Enabling technology: MAP, CRM, CMS
Build actionable data for increasingly precise outreach
Spotlighting the most relevant content for each audience is like steroids for CTA conversion – which means you can collect increasing amounts of specific data, allowing you to sort prospects and customers more efficiently in your CRM for continued personalized engagement.
You have a lot of options for collecting data from website visitors, and you’re probably doing some of them already:
- Login information/social login
- Opt-in forms
- Gated asset forms
- Pop-up surveys for visitors (e.g., asking the visitor to select whether they’re an SMB or enterprise business; their top interests; their industry)
Enabling technology: CRM, CMS, customer data analytics.
Special mention: Reverse-IP lookup tools, which, in total layman’s terms here, you can use to look up the IP of “cold” unknown visitors not yet in your database, matching them to information like their company and location. This allows you to trigger website personalization even for first-time visitors.
Then follow through with personalized outreach across channels
Email.
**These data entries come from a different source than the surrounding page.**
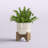 11'' Faux Eucalyptus Plant in Planter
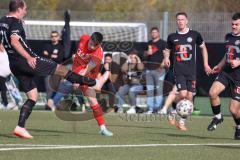 Bayernliga Süd - Saison 2022/2023 - FC Ingolstadt 04 -  TSV 1882 Landsberg - Senger Michael (Nr.21 - Fc Ingolstadt 04 II) - Foto: Meyer Jürgen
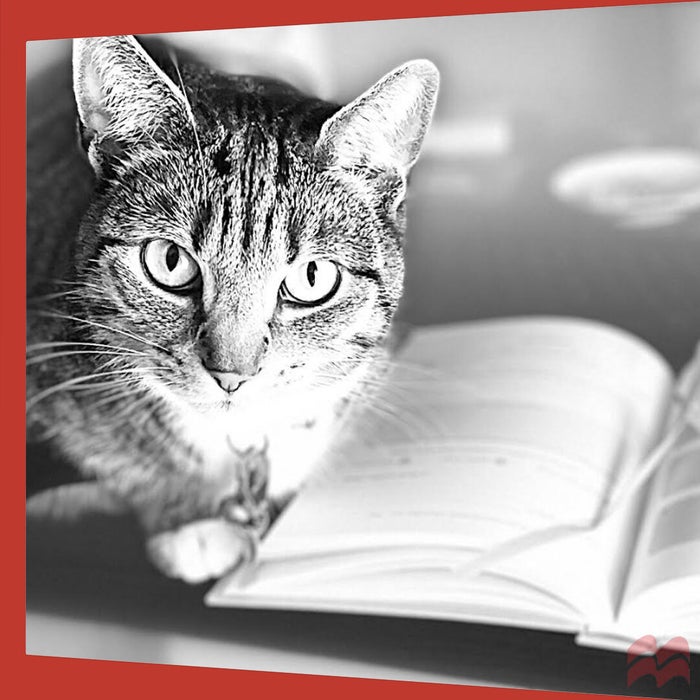 A bengal cat standing over The Greatest Manifestation Journal, preventing its owner from manifesting.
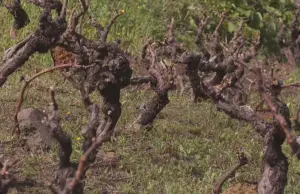 La bodega Castro y Magán renace tras el incendio en La Palma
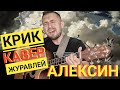 Крик журавлей - Алексин / кавер под гитару. Красивая песня гениального автора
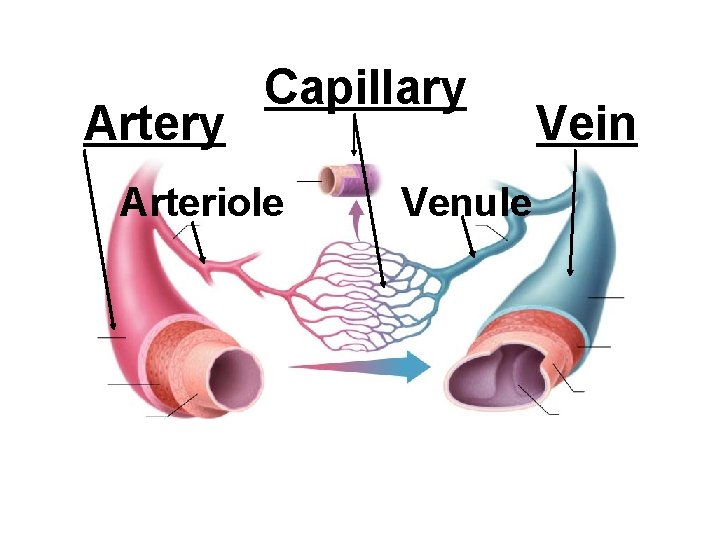 Artery Capillary Arteriole Venule Vein 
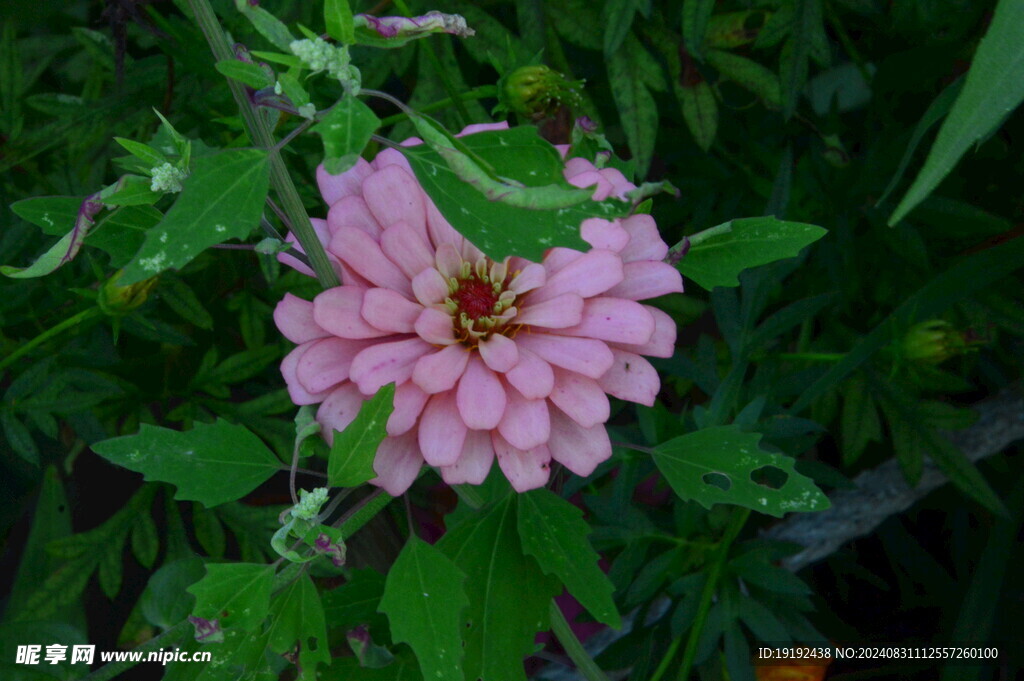 百日菊  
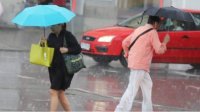 В 6 областях на юго-западе и в Софии желтый уровень погодной опасности из-за дождей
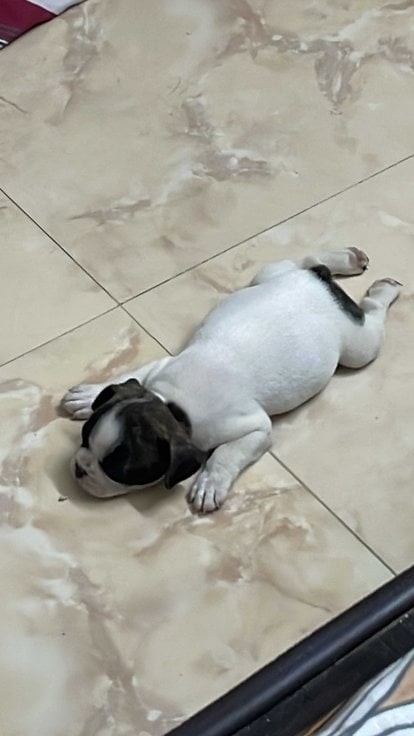 French Bulldog For Sale In Chandigarh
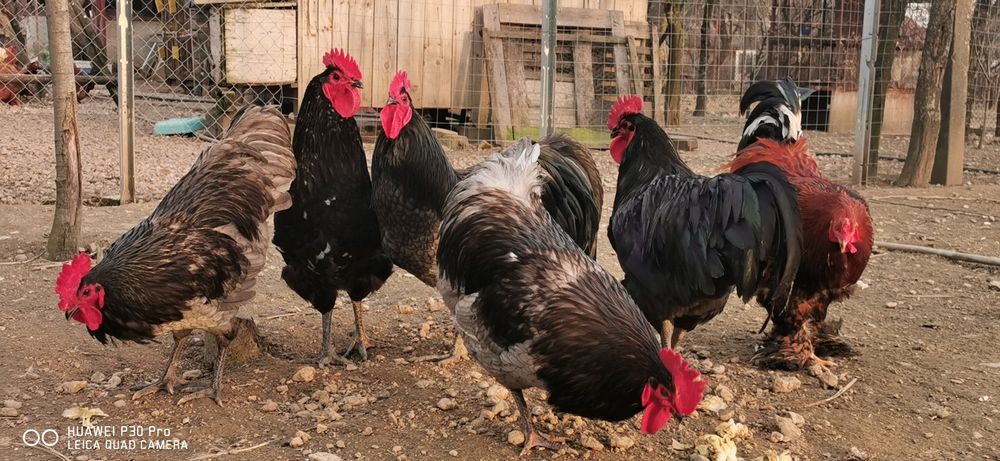 Vând cocoși austrolorp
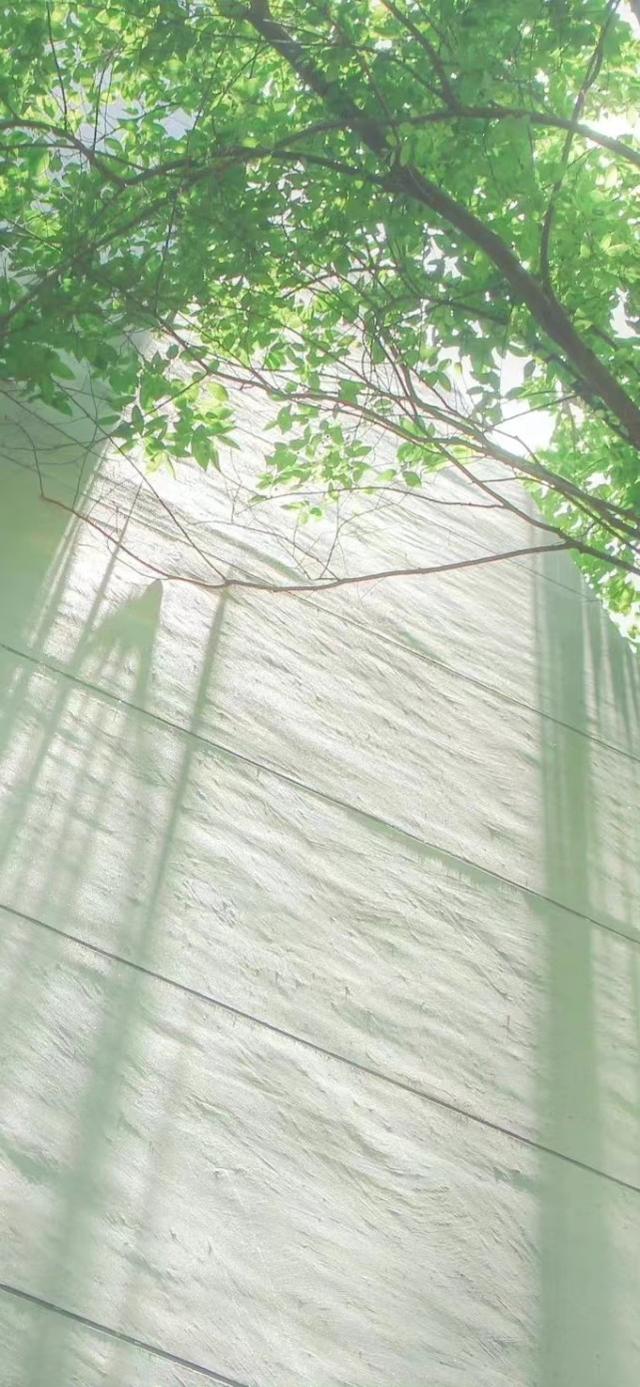 腼腆是什么意思，男生腼腆是什么意思（还有点腼腆的三大星座男）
With the information you’ve been collecting in your CRM, you can segment lists for finely targeted outreach with message, subject lines, CTAs and other elements tailored according to tags like industry, job role, company size, lifecycle stage and other applicable attributes, like communications triggered by online activity (e.g., a lead who completes a predetermined action like clicking an offer button).
Preferred channels. By tracking and monitoring the behavior of your site visitors, you can reach out with communications in the customer’s preferred format. It might be good ol’ email, but maybe it’s SMS, mobile app or LinkedIn.
Enabling technology: MAP or email personalization tools (think: MailChimp, Sendinblue), CRM and CMS
Trend to watch: Video personalization
Multiple studies have correlated video with high conversion rates, better retention of information, and higher brand affinity. So guess what? Everyone’s doing it. Adding personalization can make your video stand out, creating a one-to-one feel that’s essential to forging connections.
Start by examining your existing video content and look for opportunities to personalize elements that will build relevancy with recipients. Showcase value props, CTAs, and content that will resonate with specific segments. You can even tailor video to individual leads, which fits particularly well with ABM campaigns.
Enabling technology: Personalized video management platforms allow you to swap out individualized elements so that you’re not starting from scratch and recording separate videos for each audience or recipient. Examples: Vidyard, Hippo Video.
Personalization parting shot: Data privacy requirements are friend, not foe
The General Data Protection Regulation (GDPR) sets requirements on collecting data from EU residents. Because the internet obviously is not bound by geographic demarcations, U.S. marketers need to pay attention to GDPR requirements, which are around data transparency, limiting usage to “legitimate interest” of the customer, ensuring the right to be forgotten, and obtaining permissions in the first place.
For example: It’s okay to use a buyer’s email address to provide shipping updates; it’s not okay to add that buyer’s email address to a newsletter without obtaining separate permissions.
Really, GDPR rules are nothing to fear – they support good personalization practices by encouraging data transparency, which customers want, and help you provide the most relevant content to prospects who want it most.
Revisit your data hygiene and maintenance practices, which is helpful for meeting GDPR compliance and for better marketing results in general. Scrub your lists of inactive email addresses; make sure you’re honoring unsubscribes, and ensure you’re not clogging inboxes of email recipients who haven’t engaged with your brand in years.
Get with your legal department to ensure you’re dotting i’s and crossing t’s appropriately when it comes to privacy policy and terms and conditions language, and check out our recent post on GDPR and data privacy for more.